Multivariate designs were once the province of the very few exalted researchers who understood the underlying advanced mathematics. Today, through the sophistication of statistical software packages such as SPSS, virtually all graduate students across the social and behavioural sciences are exposed to the complex multivariate statistical techniques without having to learn the mathematical computations needed to acquire the data output. These students - in psychology, education, political science, etc. - will never be statisticians and appropriately so, their preparation and coursework reflects less of an emphasis on the mathematical complexities of multivariate statistics and more on the analysis and the interpretation of the methods themselves and the actual data output.

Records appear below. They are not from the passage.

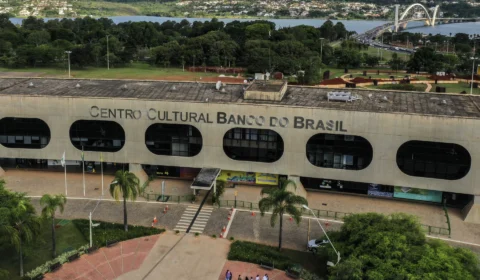 Equipe de transição é dividida entre economistas com histórico liberal e representantes do PT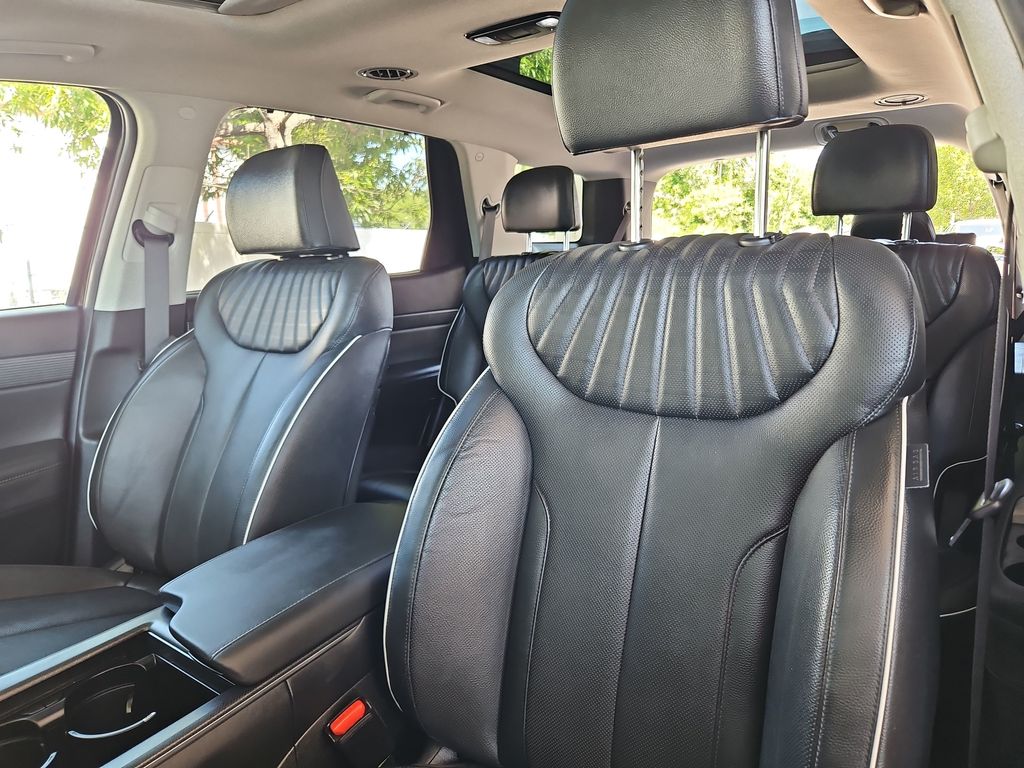 2023 Hyundai Palisade Limited Black at Jones Ford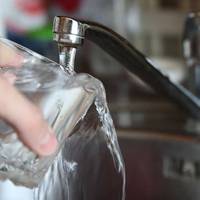 Сімейна пара спустила з крана 120 тонн води за місяць, але не просто так: 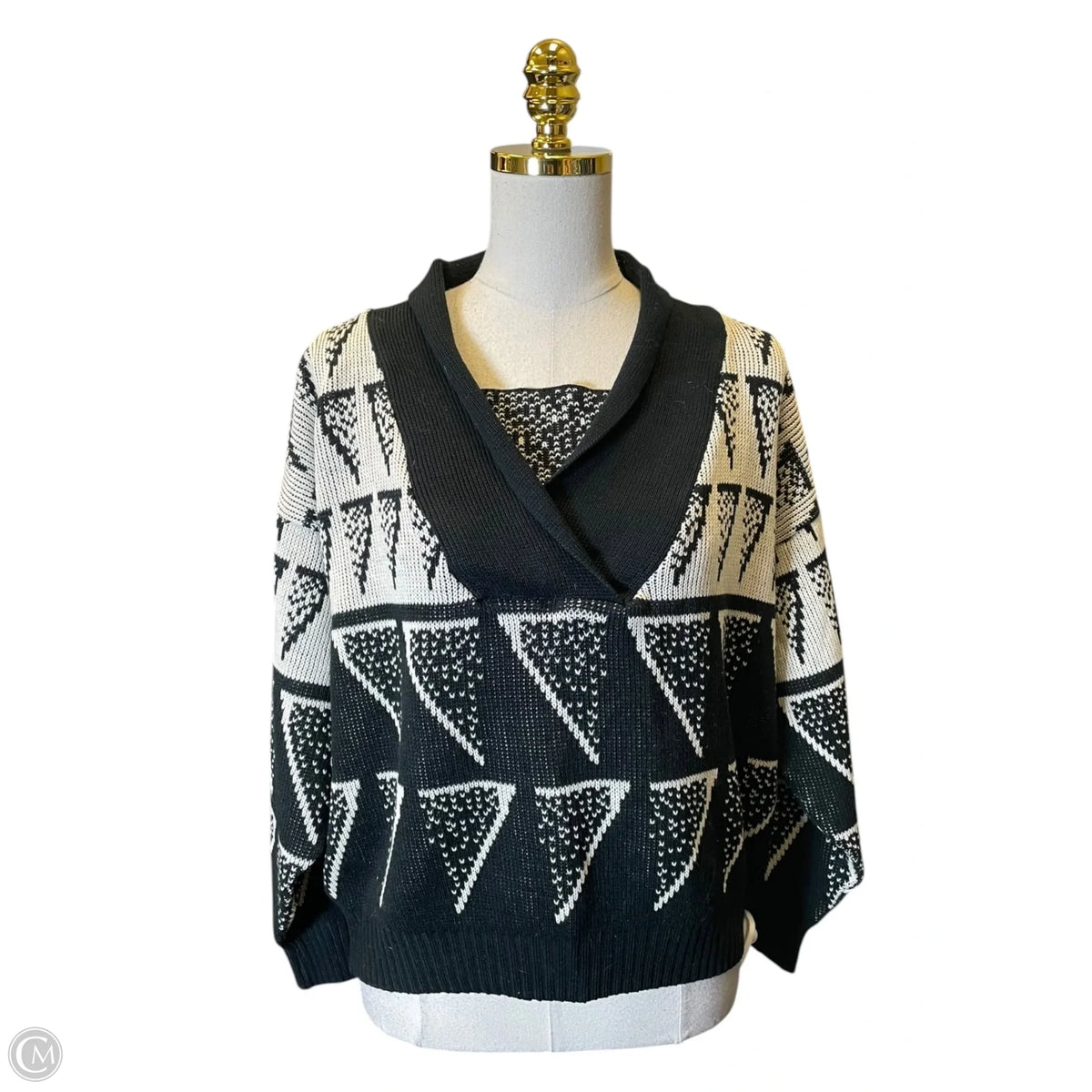 Sweater By Clothes Mentor In Black & White, Size: S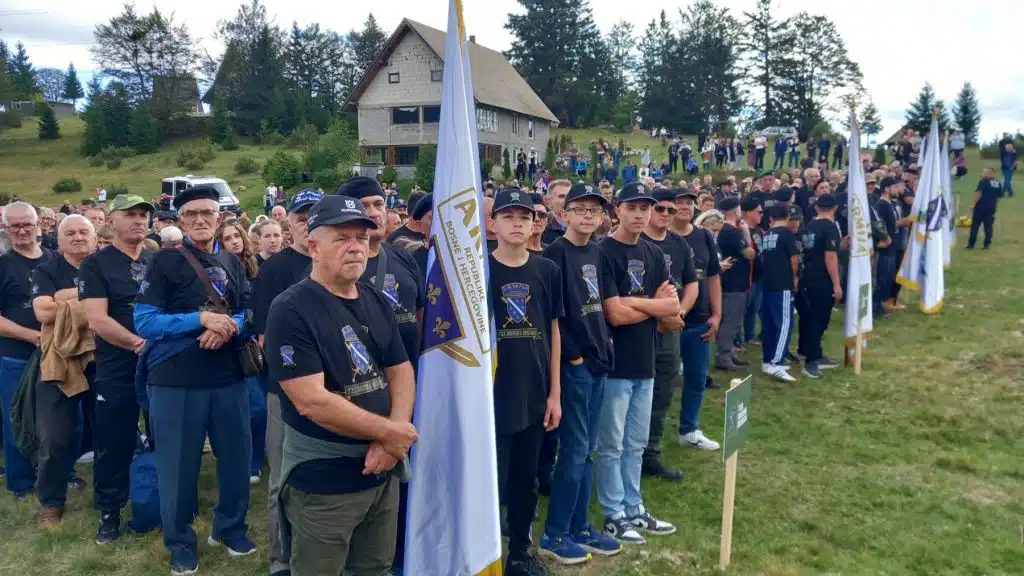 (FOTO) Na Vlašiću održani ''Dani pobjede, dani ponosa'' (FOTO) Na Vlašiću održani ''Dani pobjede, dani ponosa''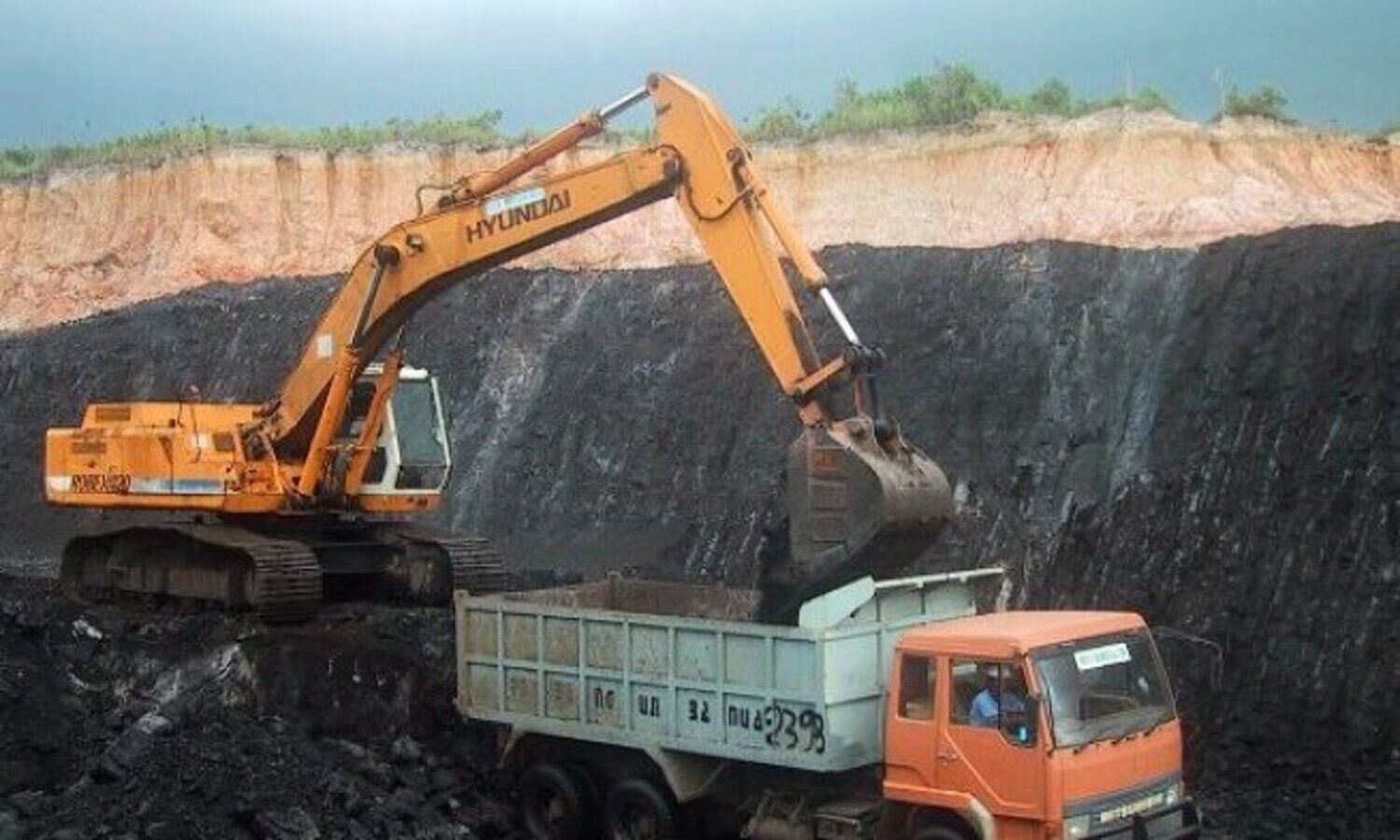 CIL floats maiden tender to import 2.416 MT coal for power sector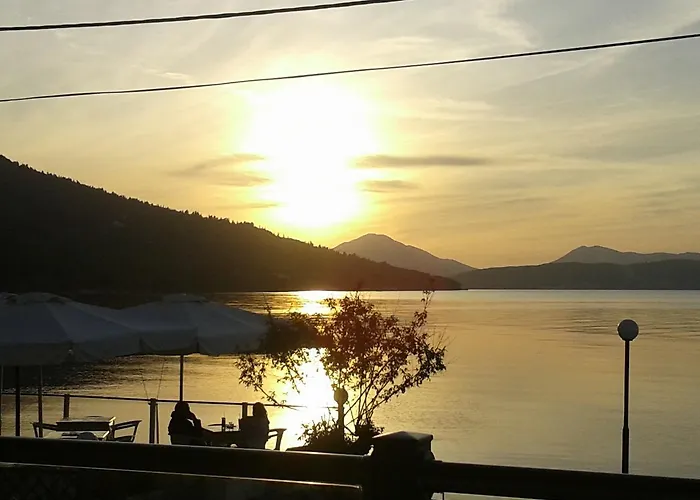 Golden Sunset ホテル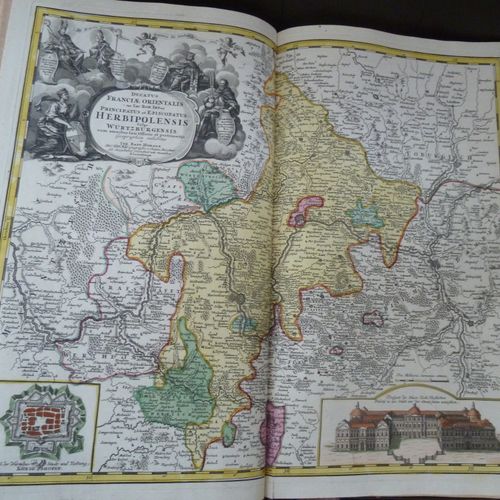Null Factitious collection of 160 maps from the first half of the 18th century. &hellip;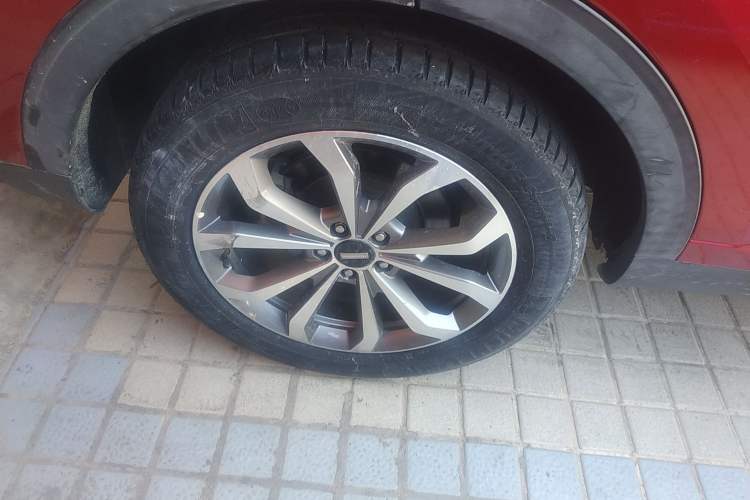 Used Wey VV6 2018 2.0T Two-Wheel-Drive Ultra-Luxury Version China V Standard Right Rear Wheel Hub
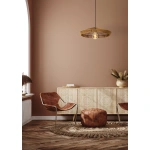 Rotan hanglamp met zichtbare gloeilamp boven zithoek in woonkamer.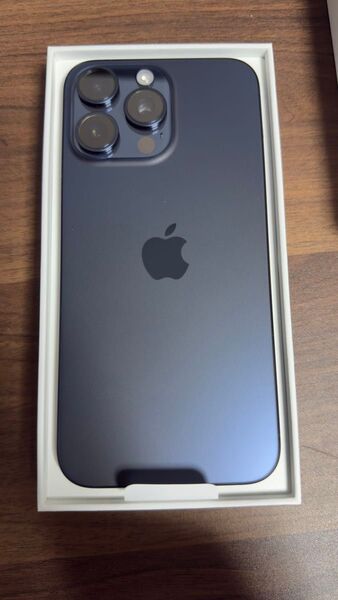 iPhone 15 Pro Max 256GB ブルーチタニウム 中古 SIMフリー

This book provides full coverage of the wide range of multivariate topics in a conceptual, rather than mathematical, approach. The author gears toward the needs, level of sophistication, and interest in multivariate methodology of students in applied areas that need to focus on design and interpretation rather than the intricacies of specific computations.
The book includes:
- Coverage of the most widely used multivariate designs: multiple regression, exploratory factor analysis, MANOVA, and structural equation modeling.
- Integrated SPSS examples for hands-on learning from one large study (for consistency of application throughout the text).
- Examples of written results to enable students to learn how the results of these procedures are communicated.
- Practical application of the techniques using contemporary studies that will resonate with students.